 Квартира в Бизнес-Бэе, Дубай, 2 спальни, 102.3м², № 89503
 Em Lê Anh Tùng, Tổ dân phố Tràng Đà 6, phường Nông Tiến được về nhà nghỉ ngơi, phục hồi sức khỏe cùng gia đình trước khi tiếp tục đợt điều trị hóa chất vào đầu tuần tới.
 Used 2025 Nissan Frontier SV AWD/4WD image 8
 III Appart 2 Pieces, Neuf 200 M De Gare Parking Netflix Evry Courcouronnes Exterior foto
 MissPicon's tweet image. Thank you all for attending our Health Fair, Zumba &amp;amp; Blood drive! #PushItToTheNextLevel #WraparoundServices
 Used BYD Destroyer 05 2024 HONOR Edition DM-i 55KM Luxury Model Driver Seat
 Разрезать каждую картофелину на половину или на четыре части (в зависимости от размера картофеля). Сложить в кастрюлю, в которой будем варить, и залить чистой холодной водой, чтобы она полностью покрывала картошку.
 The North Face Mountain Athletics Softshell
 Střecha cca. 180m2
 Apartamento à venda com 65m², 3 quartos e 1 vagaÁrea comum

***

Reply with every line of the listing that has the string "image".

■ **Response area**:
 Used 2025 Nissan Frontier SV AWD/4WD image 8
 MissPicon's tweet image. Thank you all for attending our Health Fair, Zumba &amp;amp; Blood drive! #PushItToTheNextLevel #WraparoundServices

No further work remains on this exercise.